Congress sneakily blocked an LGBT rights bill, and the House floor erupted.

Did you catch the drama that unfolded in Washington last night?

GIF via C-SPAN.


The House of Representatives devolved into a chaotic shouting match on May 19, 2016.

Even more than usual.

GIF via C-SPAN.

It all boils down to an amendment to H.R. 4974.

Rep. Sean Patrick Maloney of New York had introduced a proposal that would've protected LGBT employees of federal contractors from being fired because of their sexual orientation or gender identity. The amendment was attached to H.R. 4974, which funds military construction projects and the Veterans Administration.

Although it appeared the measure would pass, a handful of legislators switched their votes at the (very) last minute.

Maloney, who said the legislation had at one point garnered enough "yes" votes to sail through, told CNN that House Majority Leader Kevin McCarthy encouraged lawmakers to change their votes in the final seconds (of an already extended voting session) to block the measure.

House Majority Leader Kevin McCarthy. Photo by Jim Watson/AFP/Getty Images.

The bill was defeated 213 to 212.

At one point, many members started chanting "shame!" to state that the amendment had been blocked unfairly.

GIF via C-SPAN.

"They literally snatched discrimination out of the jaws of equality," Maloney told reporters after the session, accusing McCarthy of "twisting arms" for political gain. "We won this vote."

What happened on the House floor last night is just the latest edition in the backlash we've witnessed against LGBT rights. Judging from the internet's harsh reaction to those flip-flopping lawmakers, however, I certainly would not want to be them right now.




When lawmakers stand in the way of human rights, they usually learn the hard way that it's not OK.

Look at what happened in North Carolina.

North Carolina Gov. Pat McCrory. Photo by Chip Somodevilla/Getty Images.

After legislators there passed the so-called "bathroom bill" — which forced people to use facilities that align with the gender they were assigned at birth, as opposed to the gender they identify as — the Justice Department stepped in to put them in their place. Most Americans agree: McCrory's "bathroom bill" is not the way to go.

And who could forget Indiana's infamous Religious Freedom Restoration Act?

Indiana Gov. Mike Pence. Photo by Aaron P. Bernstein/Getty Images.

When the state decided it was OK for businesses to discriminate against customers based on "religious freedoms," it — surprise! — didn't end well. Not only did massive pushback spur Gov. Mike Pence to scramble in "fixing" the legislation, but Indiana lost at least $60 million in tourism revenue because of it.

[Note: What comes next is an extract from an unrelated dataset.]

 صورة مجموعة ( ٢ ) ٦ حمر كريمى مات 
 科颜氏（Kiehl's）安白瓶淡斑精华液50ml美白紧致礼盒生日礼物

North Carolina and Indiana aren't alone, either. When lawmakers go against the grain of human progress, it's usually a losing effort.

Americans tend to prioritize human rights over politics — even when lawmakers haven't gotten the memo yet.

What happened on Thursday — the "twisting [of] arms," the extended voting session, oh, and the whole allowing discrimination thing — is not sitting well with plenty of constituents. Hopefully this time, like so many others, the American people will demand their representatives stand on the right side of history, too.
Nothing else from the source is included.